Data to use:

****************************************

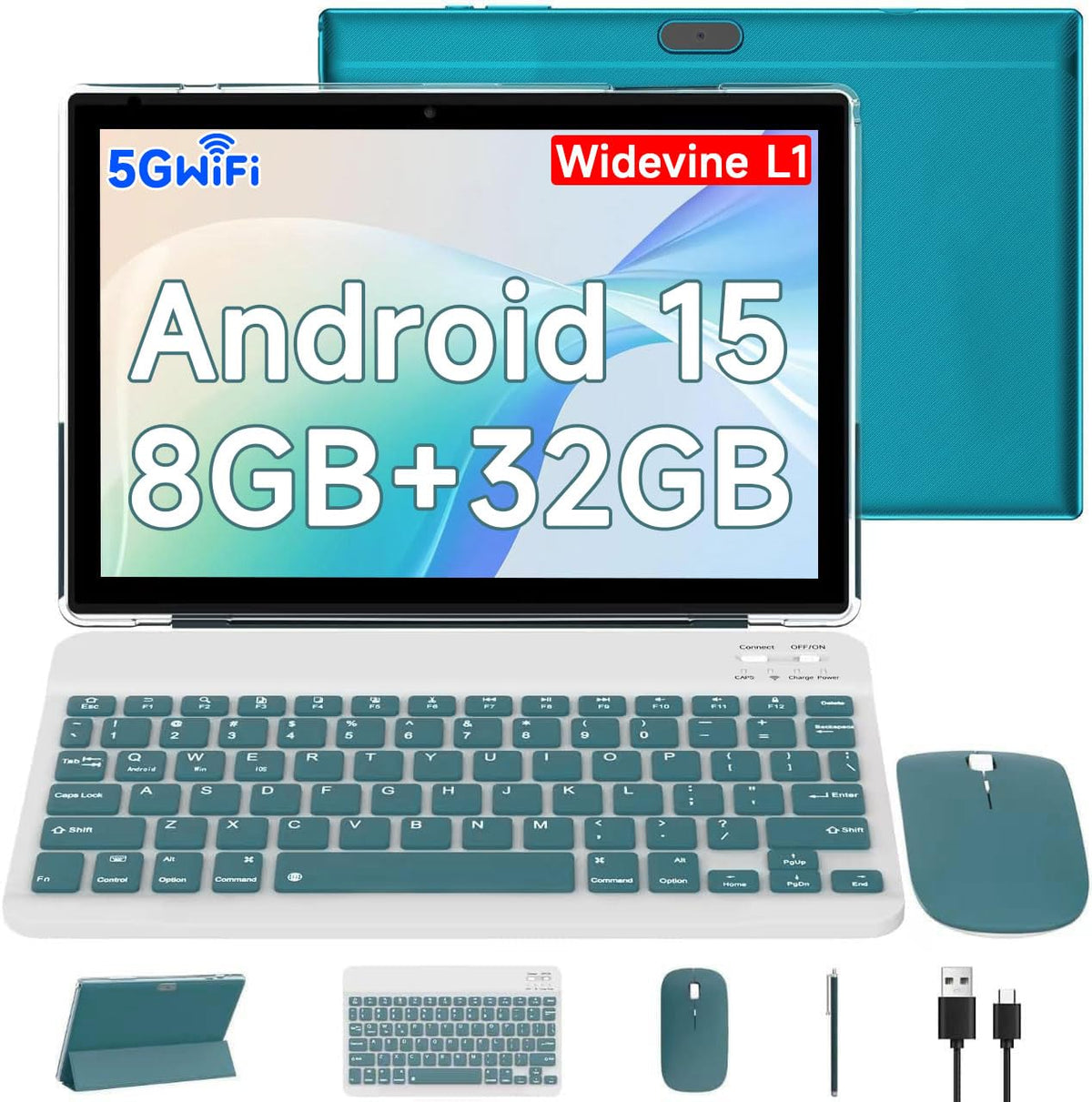Android 15 Tablet 10.1 Inch 2 in 1 with Keyboard 8GB RAM 32GB ROM Quad-core IPS HD Touch Screen X4337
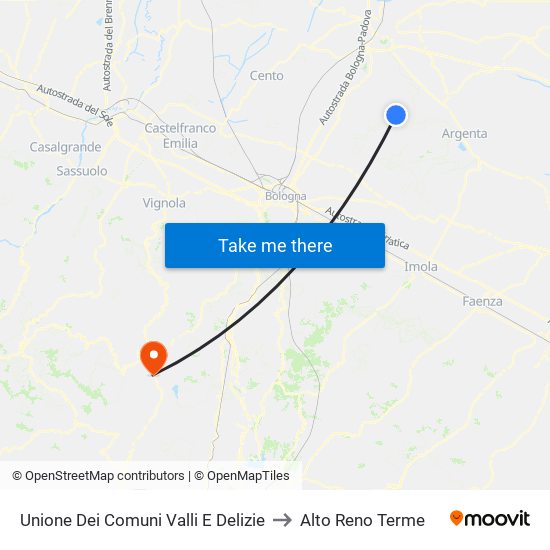 Unione Dei Comuni Valli E Delizie to Alto Reno Terme map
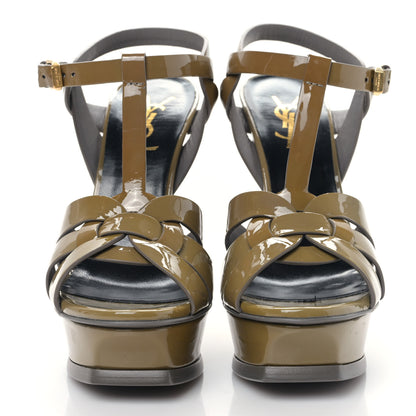 Saint Laurent Patent Tribute 105 Platform Sandals 35.5 Fog 2 of 8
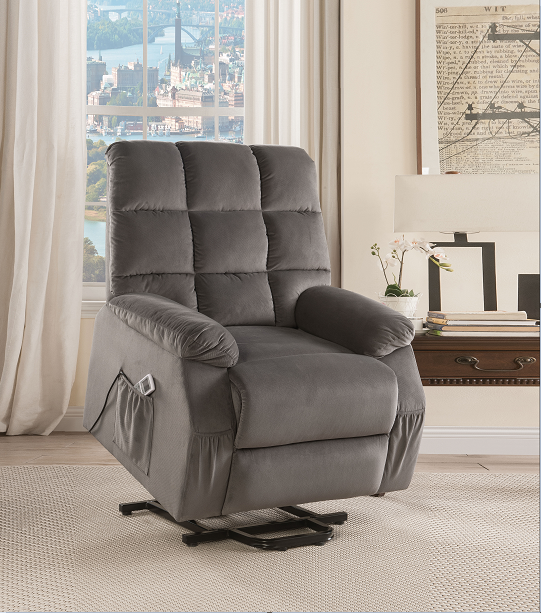 Ipompea Gray Velvet Recliner w/Power Lift & Massage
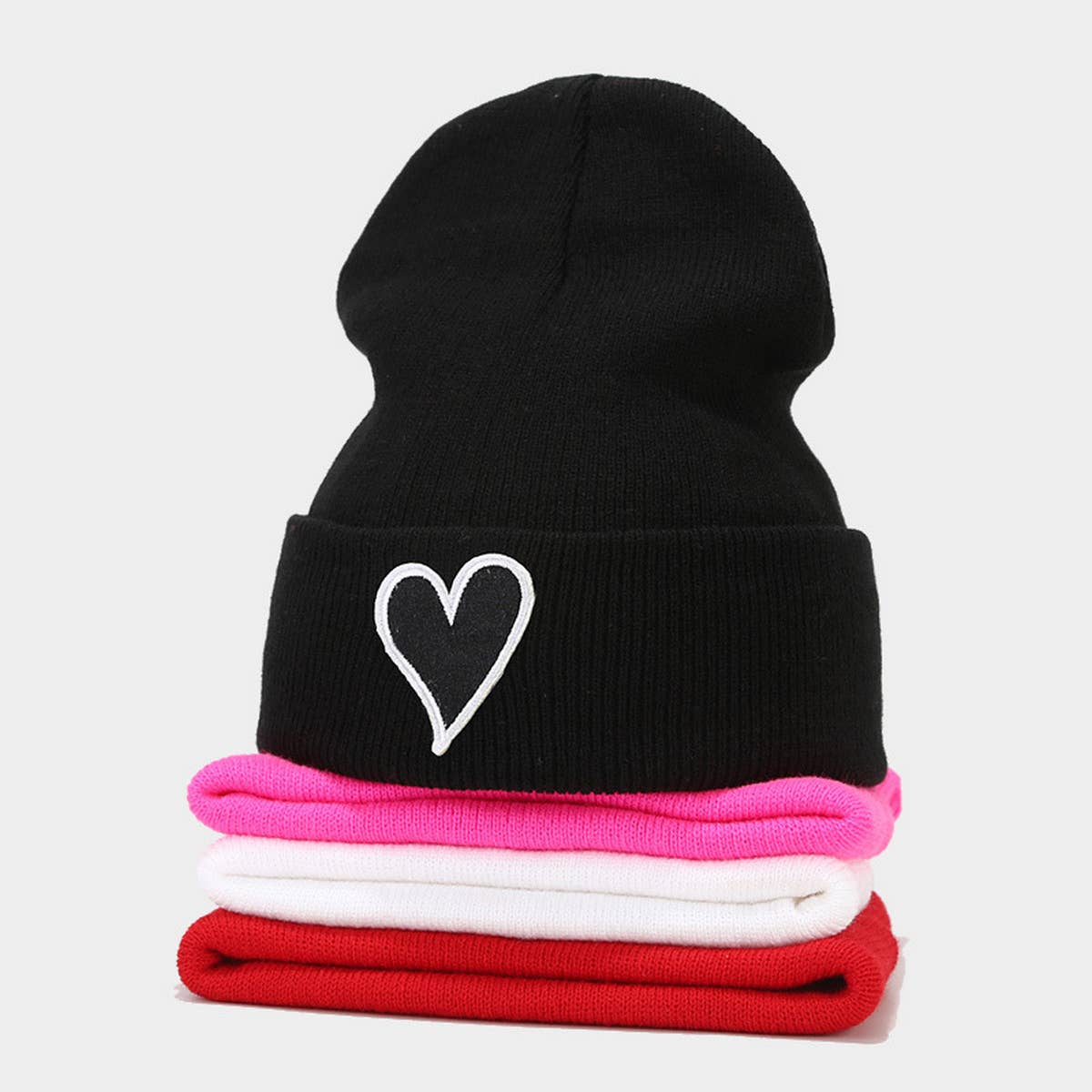 WINTER SIMPLE HEART PATCH KNITTED HAT_CWAH1605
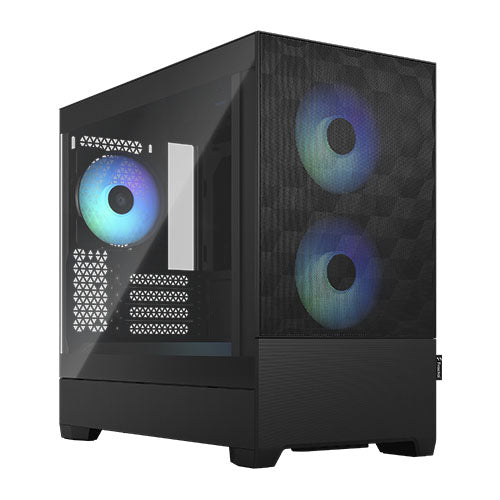 Fractal Design Pop Mini Air RGB (Black TG) Estuche para juegos con ventana de vidrio transparente, Micro ATX, frente de malla hexagonal, 3 ventiladores RGB y controlador ARGB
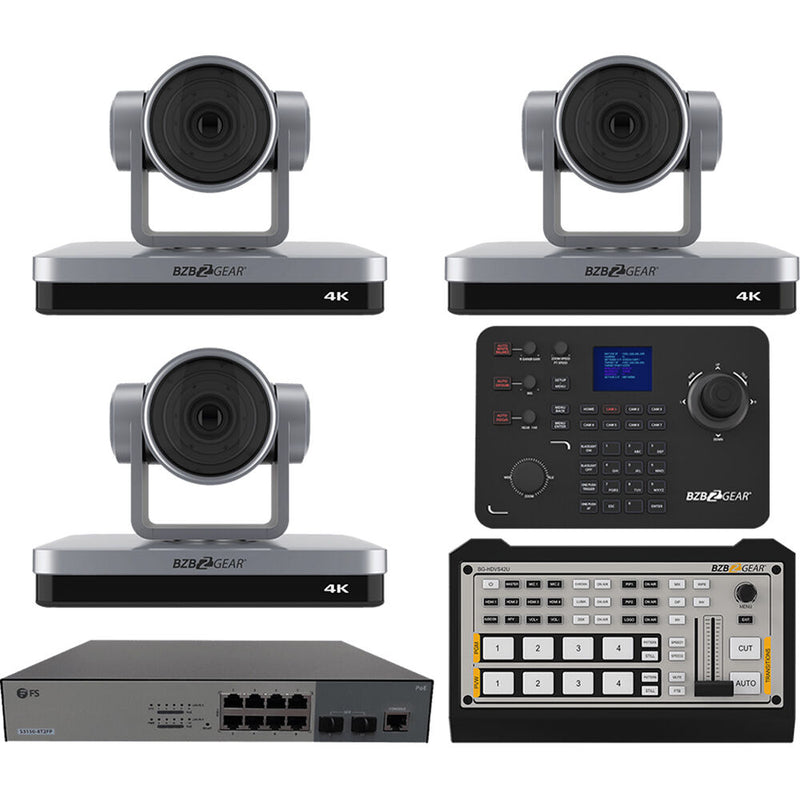 BZBGear Broadcast Kit with 3 x 4K NDI PTZ Cameras, Controller, 4-Port Mixer & 8-Port Switch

****************************************

Write out the whole listing above exactly; do not include the pictures.

Answer to this task:
Android 15 Tablet 10.1 Inch 2 in 1 with Keyboard 8GB RAM 32GB ROM Quad-core IPS HD Touch Screen X4337
 Unione Dei Comuni Valli E Delizie to Alto Reno Terme map
 Saint Laurent Patent Tribute 105 Platform Sandals 35.5 Fog 2 of 8
 Ipompea Gray Velvet Recliner w/Power Lift & Massage
 WINTER SIMPLE HEART PATCH KNITTED HAT_CWAH1605
 Fractal Design Pop Mini Air RGB (Black TG) Estuche para juegos con ventana de vidrio transparente, Micro ATX, frente de malla hexagonal, 3 ventiladores RGB y controlador ARGB
 BZBGear Broadcast Kit with 3 x 4K NDI PTZ Cameras, Controller, 4-Port Mixer & 8-Port Switch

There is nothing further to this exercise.